Data extracts START

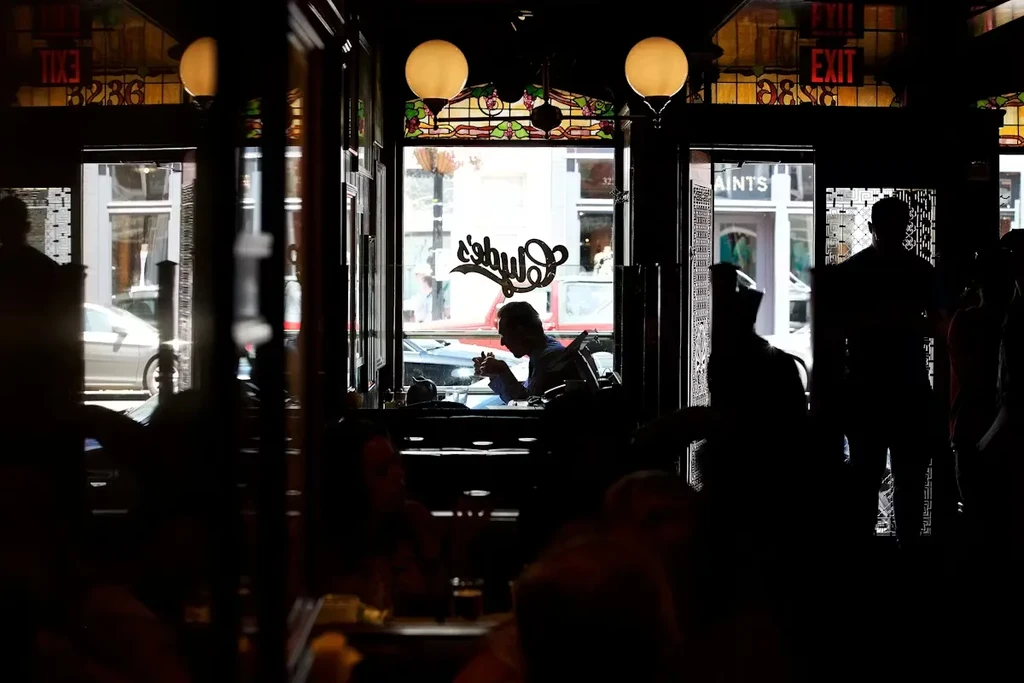 Backlit restaurant: dark wood, stained glass, silhouetted patrons, "Schulz's" sign.
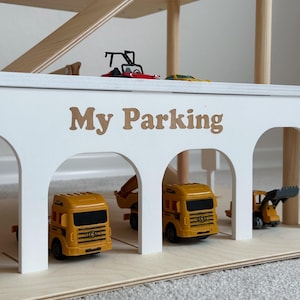 K&ouml;nnte beinhalten: Ein mehrst&ouml;ckiges Spielzeug-Parkhaus aus Holz mit Rampen. Die wei&szlig;e Fassade tr&auml;gt den Text "My Parking" in braunen Buchstaben. Mehrere Spielzeug-Lkw und Baufahrzeuge sind in der Garage geparkt.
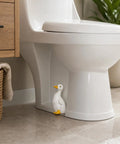 Total Bath Refresh With These Straight Up Cute Ceramic Duck Toilet Bolt Caps Set Of Two Standing Screw Covers Featuring Easy Peasy Setup And Real Deal Rust Protection, shown near toilet.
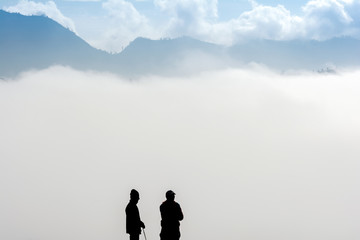 Silhouette of two horsemen resting on the sand dune with foggy / misty morning background at Bromo-Tengger-Semeru National Park, East Java, Indonesia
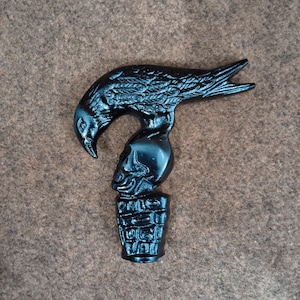 May include: A black cane handle featuring a sculpted raven perched atop a human skull, which rests on a textured, cylindrical base. The entire piece is finished in a solid, glossy black color with detailed carvings of feathers and bone.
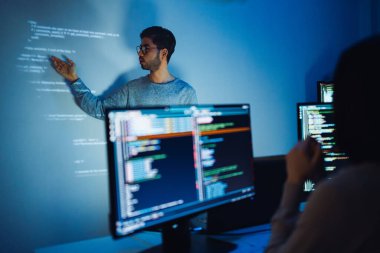 Hintli programcı, kod projeksiyonuyla ekranın önünde duruyor. Teknolojinin ve insan uzmanlığının yazılım geliştirme entegrasyonunu sunuyor.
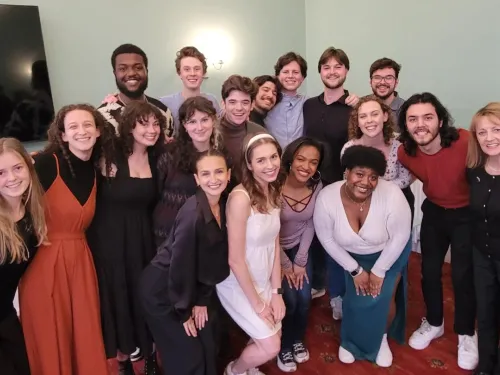 a group of students poses with their professor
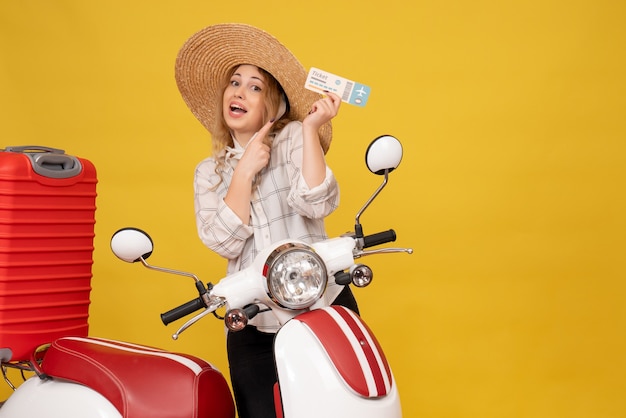 Front view of ambitious young woman wearing hat collecting her luggage sitting on motorcycle and showing ticket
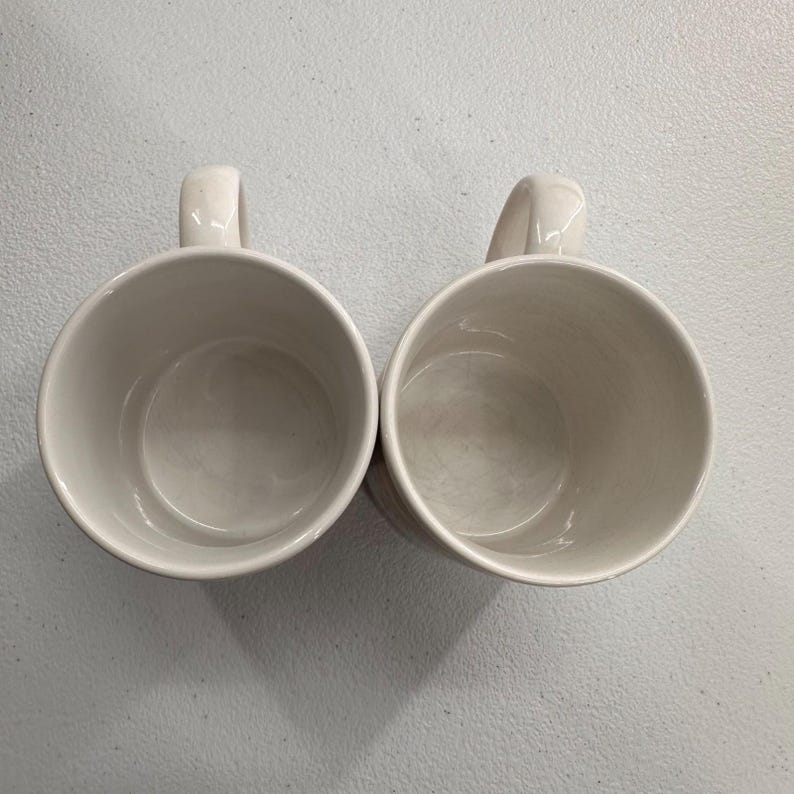 Puede incluir: Dos tazas de cer&aacute;mica blanquecina con asas curvas se colocan una al lado de la otra. Las tazas tienen un dise&ntilde;o sencillo y cl&aacute;sico, con un acabado liso y brillante. El interior de cada taza es de un tono ligeramente m&aacute;s oscuro de blanquecino.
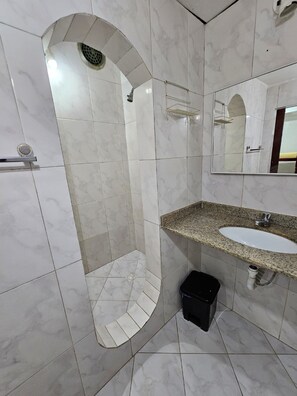 Bathroom features a shower, sink with granite countertop, and mirror.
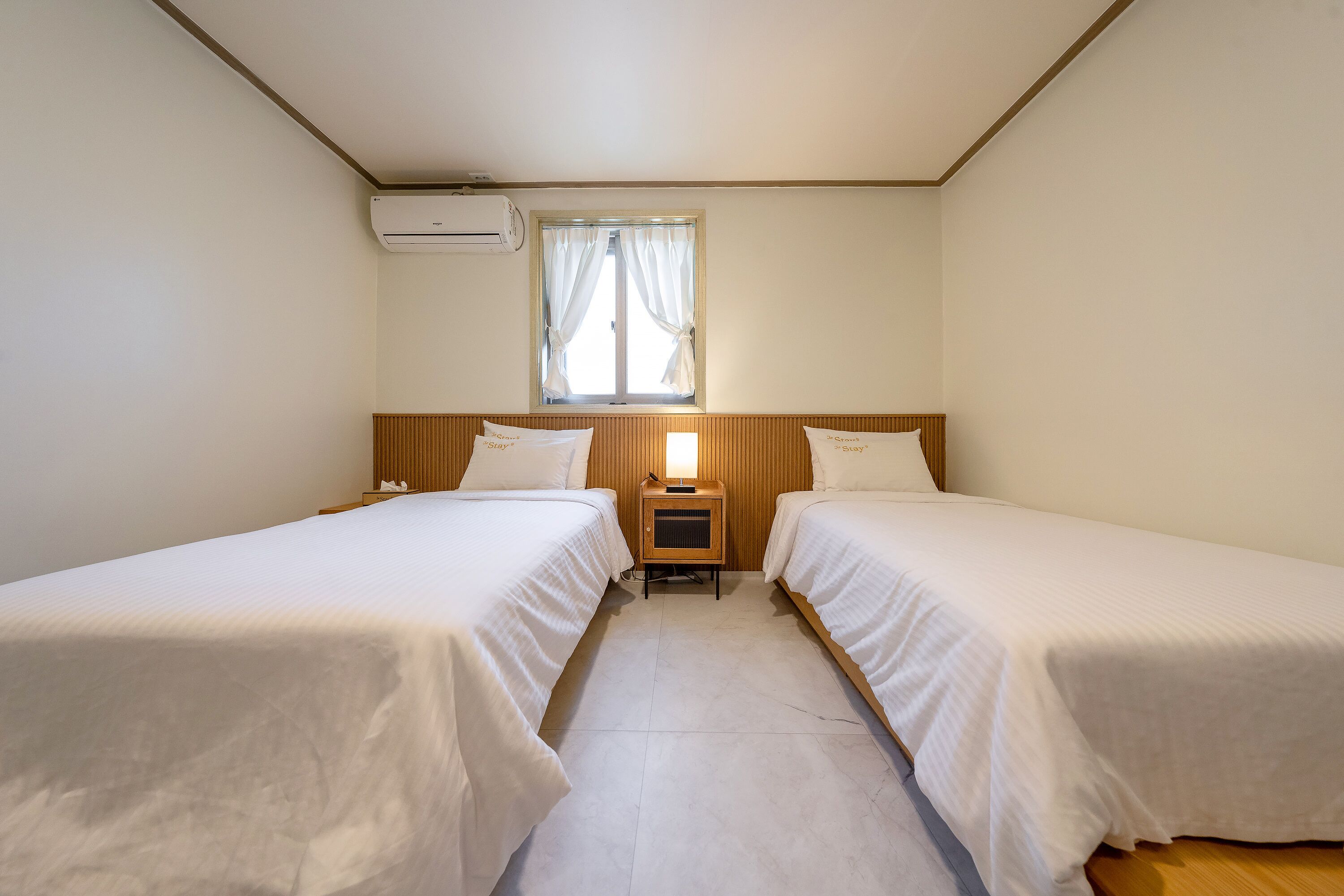 Una habitación con dos camas individuales, una mesita de noche con lámpara, un equipo de aire acondicionado y una ventana con cortinas.
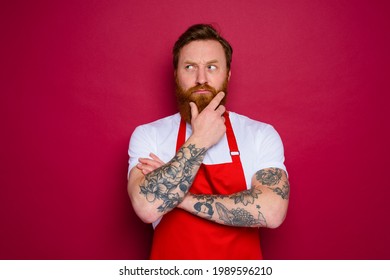 doubter isolated chef with beard and red apron - Powered by Shutterstock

Data extracts END

*Work instructions*: Write the records out again exactly as shown above, keeping no pictures.

*Task answer*:
 Backlit restaurant: dark wood, stained glass, silhouetted patrons, "Schulz's" sign.
 K&ouml;nnte beinhalten: Ein mehrst&ouml;ckiges Spielzeug-Parkhaus aus Holz mit Rampen. Die wei&szlig;e Fassade tr&auml;gt den Text "My Parking" in braunen Buchstaben. Mehrere Spielzeug-Lkw und Baufahrzeuge sind in der Garage geparkt.
 Total Bath Refresh With These Straight Up Cute Ceramic Duck Toilet Bolt Caps Set Of Two Standing Screw Covers Featuring Easy Peasy Setup And Real Deal Rust Protection, shown near toilet.
 Silhouette of two horsemen resting on the sand dune with foggy / misty morning background at Bromo-Tengger-Semeru National Park, East Java, Indonesia
 May include: A black cane handle featuring a sculpted raven perched atop a human skull, which rests on a textured, cylindrical base. The entire piece is finished in a solid, glossy black color with detailed carvings of feathers and bone.
 Hintli programcı, kod projeksiyonuyla ekranın önünde duruyor. Teknolojinin ve insan uzmanlığının yazılım geliştirme entegrasyonunu sunuyor.
 a group of students poses with their professor
 Front view of ambitious young woman wearing hat collecting her luggage sitting on motorcycle and showing ticket
 Puede incluir: Dos tazas de cer&aacute;mica blanquecina con asas curvas se colocan una al lado de la otra. Las tazas tienen un dise&ntilde;o sencillo y cl&aacute;sico, con un acabado liso y brillante. El interior de cada taza es de un tono ligeramente m&aacute;s oscuro de blanquecino.
 Bathroom features a shower, sink with granite countertop, and mirror.
 Una habitación con dos camas individuales, una mesita de noche con lámpara, un equipo de aire acondicionado y una ventana con cortinas.
 doubter isolated chef with beard and red apron - Powered by Shutterstock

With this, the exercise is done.